SunTrust's Florida operation brings in about half the company's investment sales. Its trust and investment group employs 900 people at 80 sites, including 150 brokers.

The company's brokers have Series 7 licenses. There are no third-party marketers or branch employees, often called "platform workers," with Series 6 licenses who sell a variety of financial services.

To help ensure that sales are in customers' best interests, not just those of brokers, SunTrust has dropped commission differentials.

"We have what's called a level playing field," said Hunting F. Deustch, executive vice president in charge of trust and investments at SunTrust Banks of Florida.

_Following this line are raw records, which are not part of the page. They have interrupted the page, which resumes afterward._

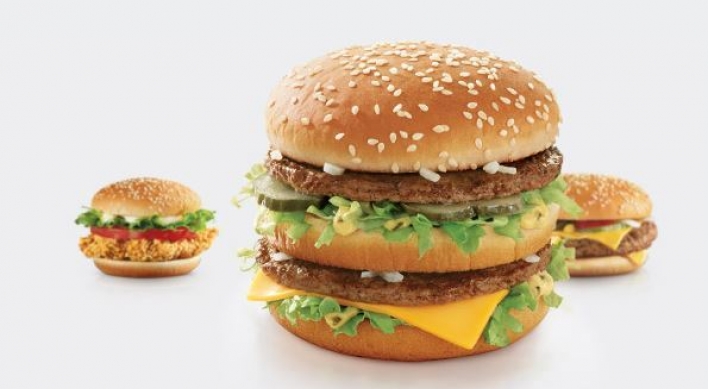 맥도날드, ‘햄버거병’ 잘못된 명칭 주장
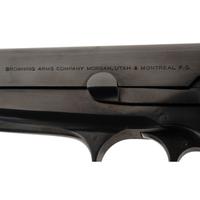 * Browning Hi-Power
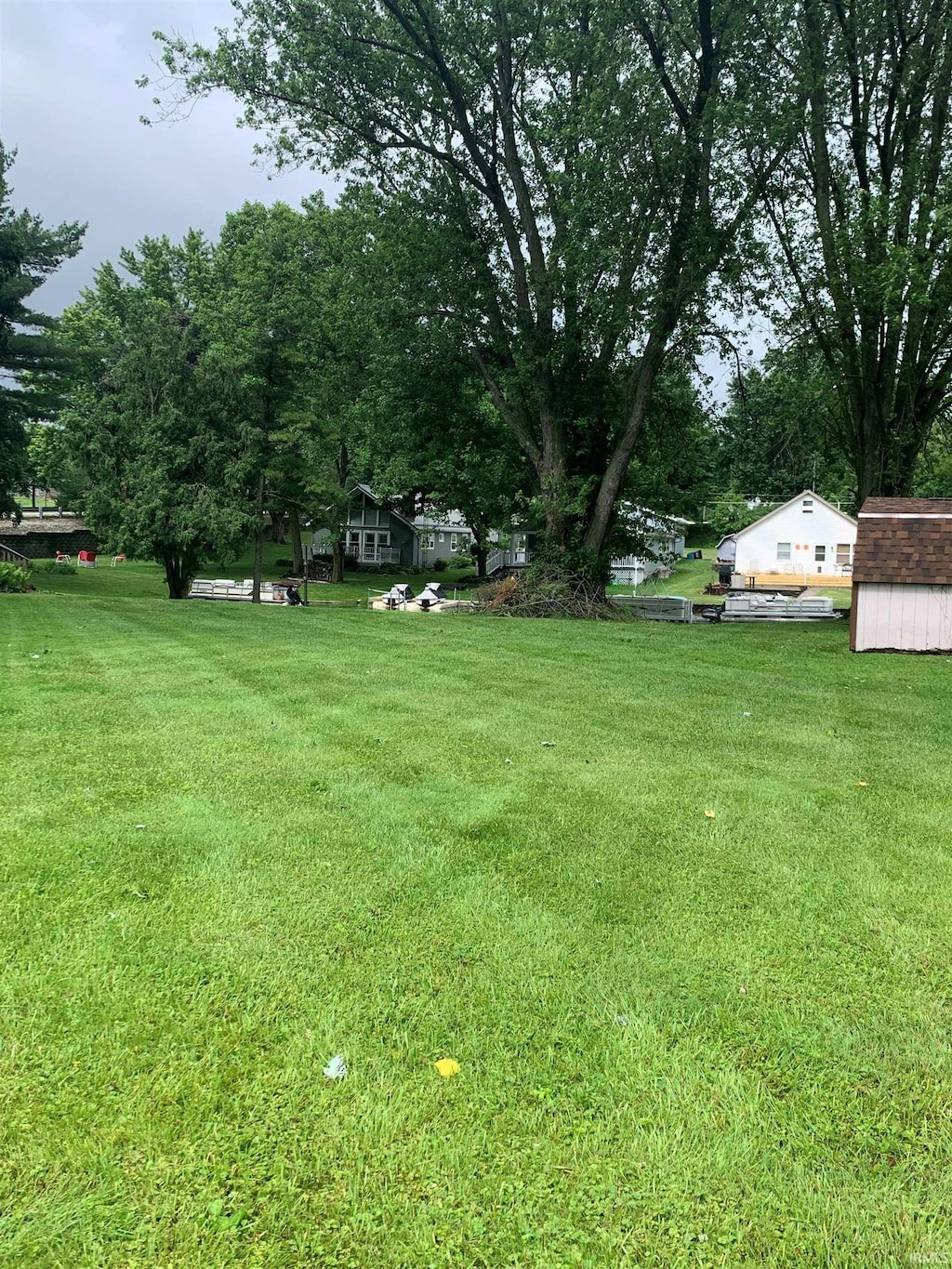 S 150 E, Wolcottville, IN 46795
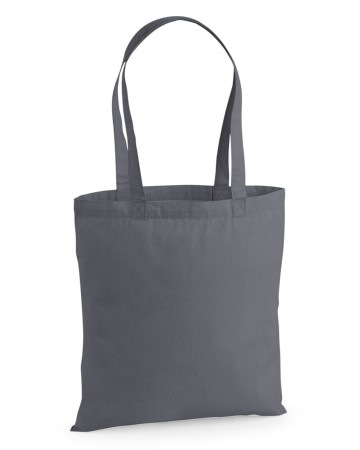 PREMIUM COTTON TOTE W201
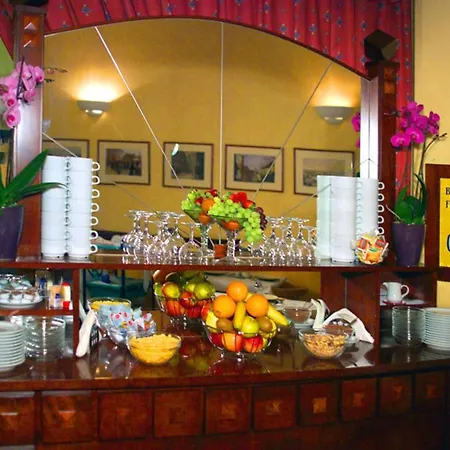 Leo Panzio 3* Budapest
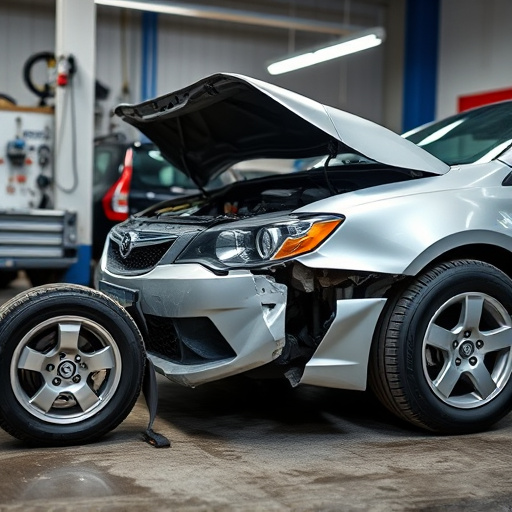 car collision repair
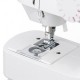 Электромеханическая швейная машинка CHAYKA HandyStitch 33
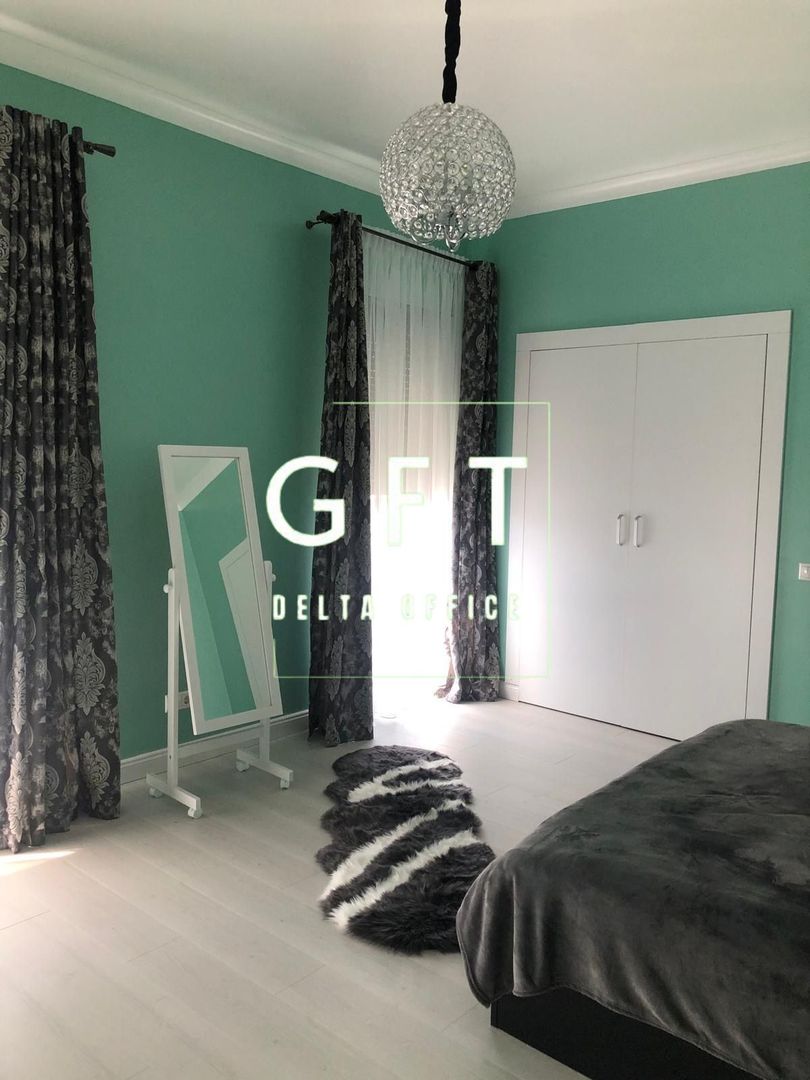 Penthouse de inchiriat, zona Subcetate - Poză 12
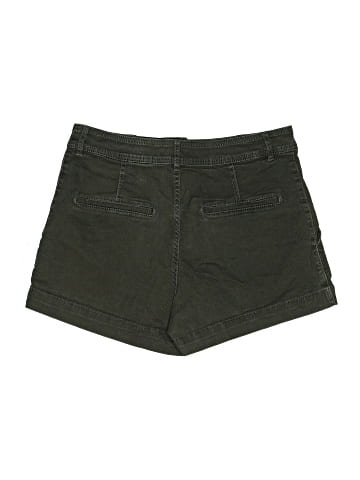 H&M Khaki Shorts (view 2)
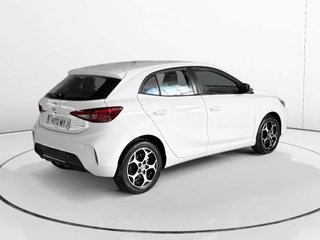 MG MG3 Hybrid+ Comfort 143 kW (195 CV)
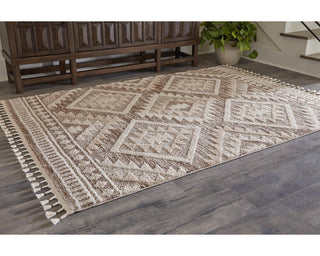 Odedale 8' x 10' Rug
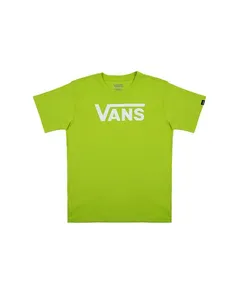 Camiseta Vans Classic Infantil - 14 anos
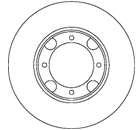 Тормозной диск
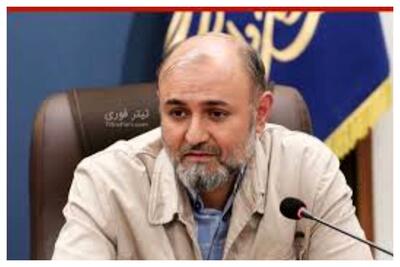 برادر داماد شهید رئیسی: نفوذی‌ها رسواتر شدند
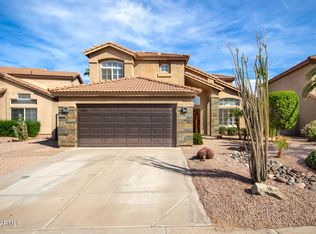 16803 S 24th Pl, Phoenix, AZ 85048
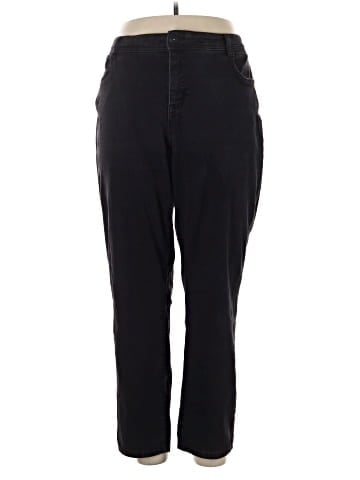 GRLFRND Jeans (view 1)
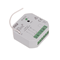 Radio module of the relay with switching power supply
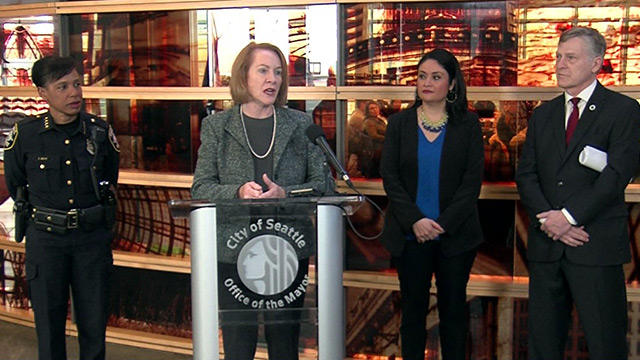 City files motion to clear certain low-level, non-violent misdemeanor warrants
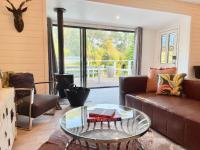 Château Rosemund - ‘Your home away from home’. - B&B Daylesford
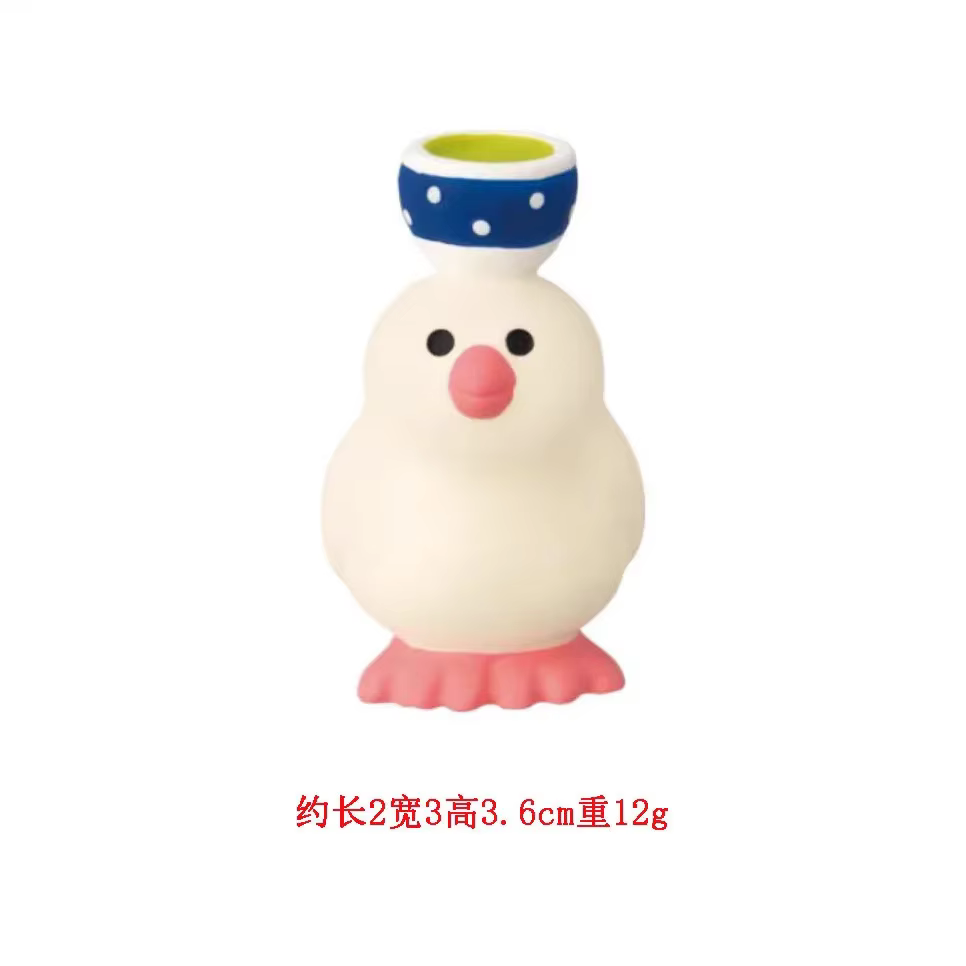 ZAKKA – décoration de scène de loisirs de jardin de thé japonais, cadeau de jeu à la mode, jouet de 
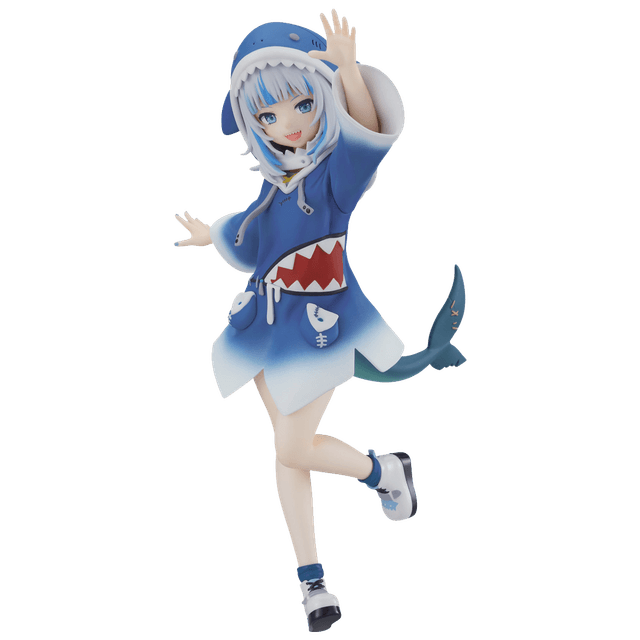 GSC 噶呜·古拉 手办 再版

"No matter what the reps sell-third-party funds or our own funds-they get no better compensation."

"Oftentimes third-party funds have aggressive incentives," he added, "and we don't want those incentive arrangements driving behavior."

Though one-fourth of retail customers opt for a front-end load, the rest buy into the "flex" share class, which imposes a 2% charge on net asset value if the customer redeems in less than a year.

Another distinguishing characteristic of SunTrust is that more than half of its mutual fund sales are of proprietary funds. The outside funds sold are primarily from Fidelity Investments, Franklin Templeton Group, and Putnam Investments.

"The proportion of proprietary to nonproprietary sales is unusually high," said Peter Marshall, national director of Ernst & Young's bank mutual fund practice in New York.

"That wouldn't be high by broker-dealer standards, but for a bank that's quite high."